Conséquences et portée historique

  • Le geste de Léauthier est analysé par les historiens comme l’un des premiers actes de terrorisme “indiscriminé”.

  • Son procès, en février 1894, est perçu comme précurseur : au-delà de la simple justice pénale, il symbolise une nouvelle forme de menace sociopolitique.

  • Le contexte répressif se durcit : peu après, les lois “scélérates” de 1893-1894 sont votées, interdisant notamment la propagande anarchiste et réprimant sévèrement le mouvement.
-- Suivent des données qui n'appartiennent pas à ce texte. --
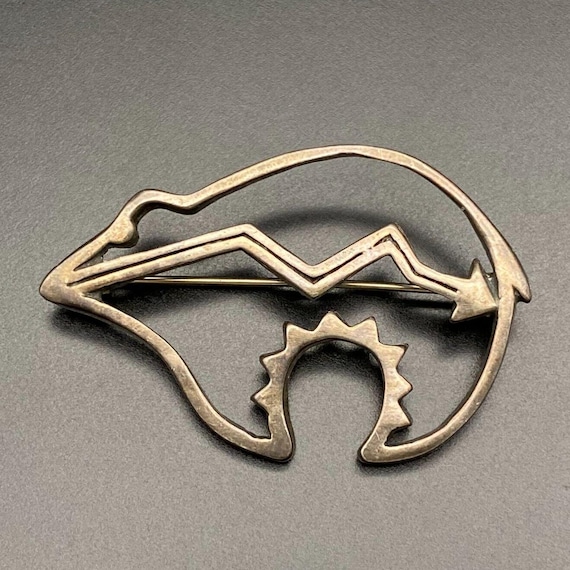 Vintage Southwestern Spirit Bear Sterling Silver Pin Brooch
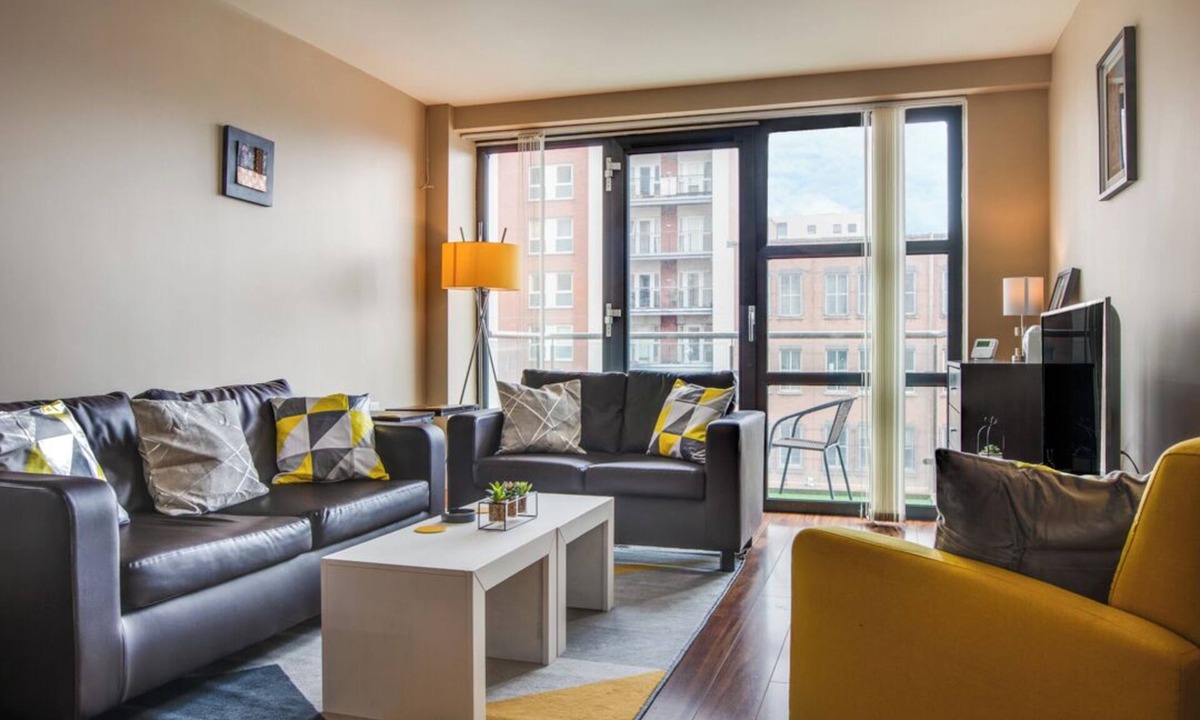 Belfast Central District Apartment | Bright & Spacious 2BR Apt City Centre + Secured Parking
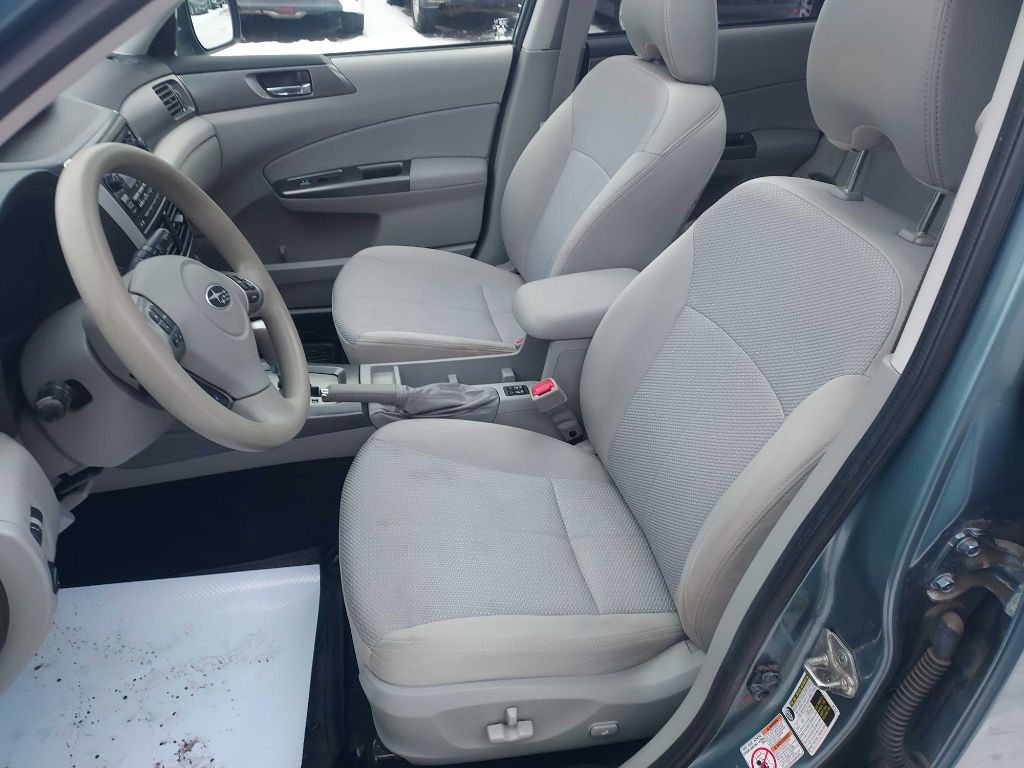 2013 Subaru Forester Image 10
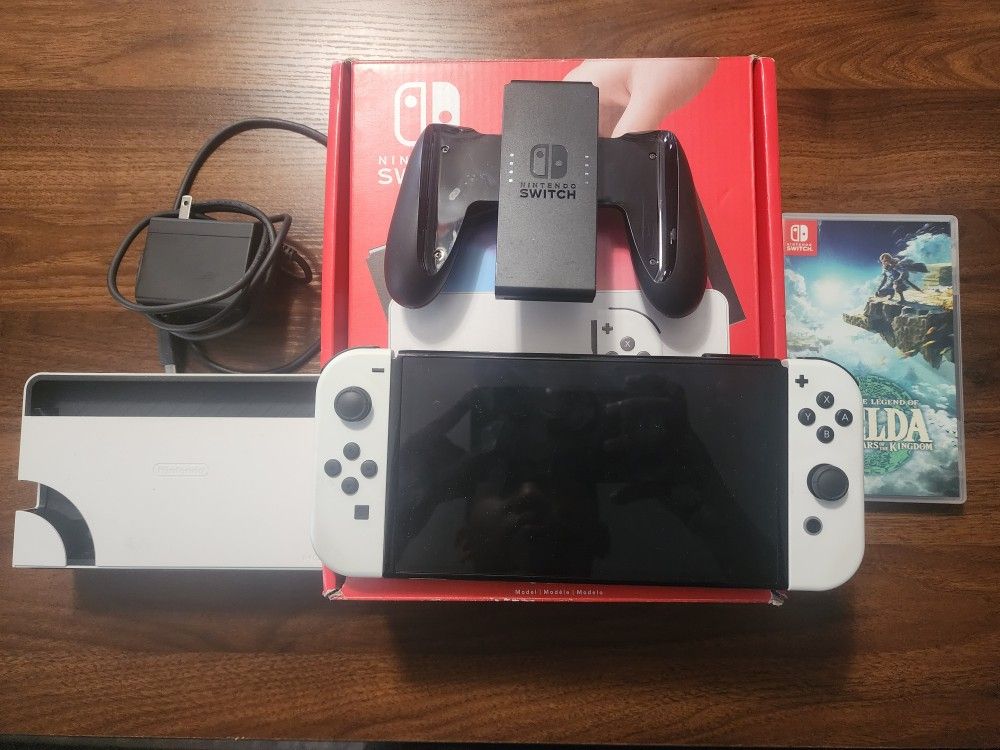 Nintendo Switch OLED Bundle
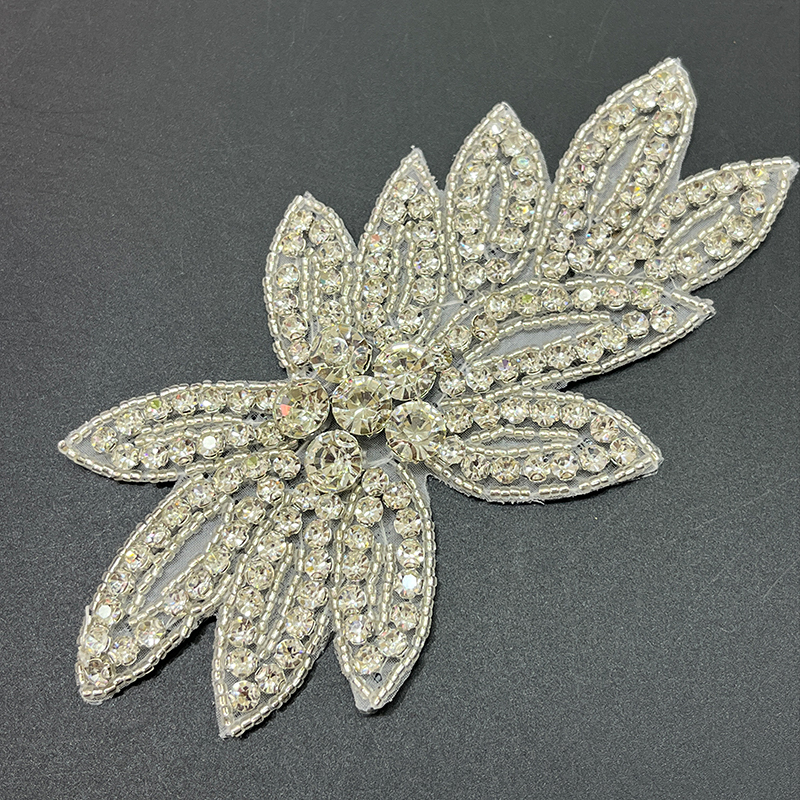 14.5*8.7cm Colorful Floral Shaped Applique for Wedding Dress Exporter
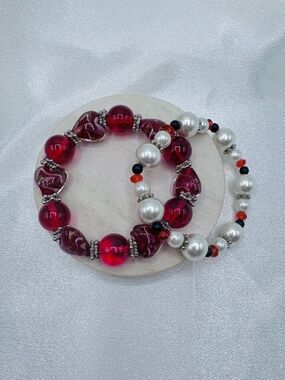 Red & Pearl Stretch Bracelet Set – Heart Glass Beads & Faux Pearls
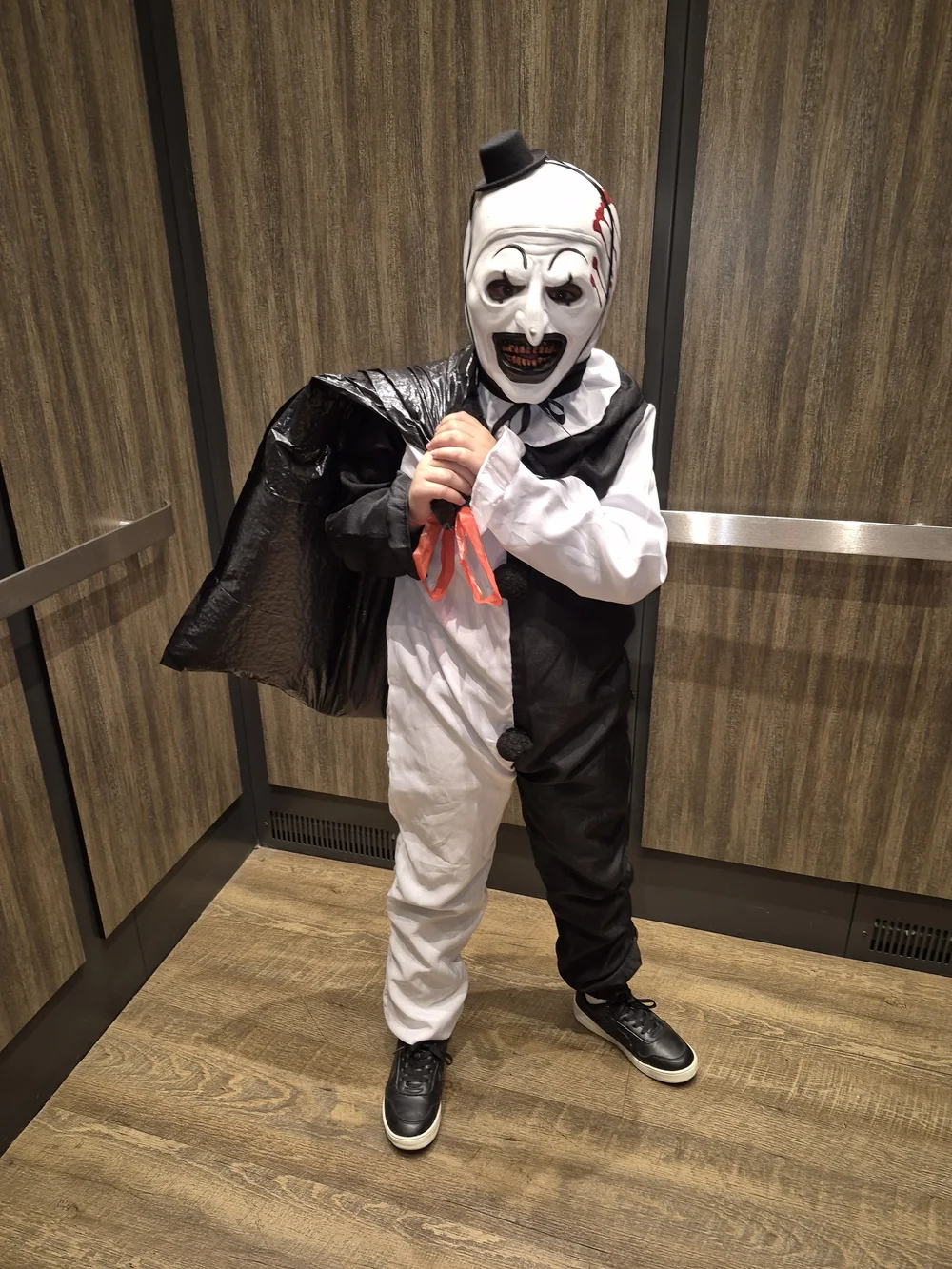 Art The Clown Black and White Creepy Kids Costume with Mask and Prop Knife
  • Son acte, et d’autres autour de la même époque (comme celui d’Henry, Vaillant ou Caserio), contribuent à façonner l’image moderne du « terrorisme ». Certains historiens comparent directement les logiques de cette époque avec les dynamiques de violence politique du XXᵉ siècle.

Pourquoi ce moment reste important aujourd’hui

Cet épisode peut sembler lointain, mais il éclaire un phénomène bien contemporain : comment un individu isolé, animé par une idéologie, peut commettre un acte de violence qui dépasse sa personne. La “propagande par le fait” de Léauthier pose les bases d’une menace que l’on retrouvera sous d’autres formes : terrorisme idéologique, violences aveugles, radicalisation.

En analysant son geste, on comprend mieux les racines historiques de la peur politique moderne, et comment la société – à travers la répression, la loi, la justice – a essayé de répondre à ces défis.

📚 Pour aller plus loin

Si vous souhaitez approfondir ce sujet, voici quelques ressources utiles :

  • Le livre Léauthier l’anarchiste : De la propagande par le fait à la révolte des bagnards (1893-1894), par Yves Frémion. Les Éditions L’échappée

  • L’article de la revue Turbulences sur la “propagande par le fait” et son imagerie. Revue Turbulences

  • Une analyse historique des lois de 1893 et 1894, textes législatifs emblématiques de la répression des anarchistes. Wikipédia

  • Pour comprendre le parallèle avec le terrorisme moderne : un article universitaire sur les comparaisons entre anarchisme de la Belle Époque et terrorisme contemporain. OpenEdition Journals

Conclusion

L’acte de Léon Léauthier, le 13 novembre 1893, n’est pas seulement un fait divers tragique : c’est un symbole. Il incarne la dérive d’une colère sociale, d’une idéologie qui se radicalise, mais aussi l’émergence d’une stratégie nouvelle : la violence sans cible, la peur comme outil politique. En retraçant ce chapitre méconnu de l’histoire, nous comprenons mieux comment certaines idées politiques peuvent basculer dans la terreur, et pourquoi la riposte des États s’est structurée. Dans ce sens, Léauthier, jeune ouvrier, reste une figure-pivot entre la misère sociale, l’idéal révolutionnaire et la brutalité politique.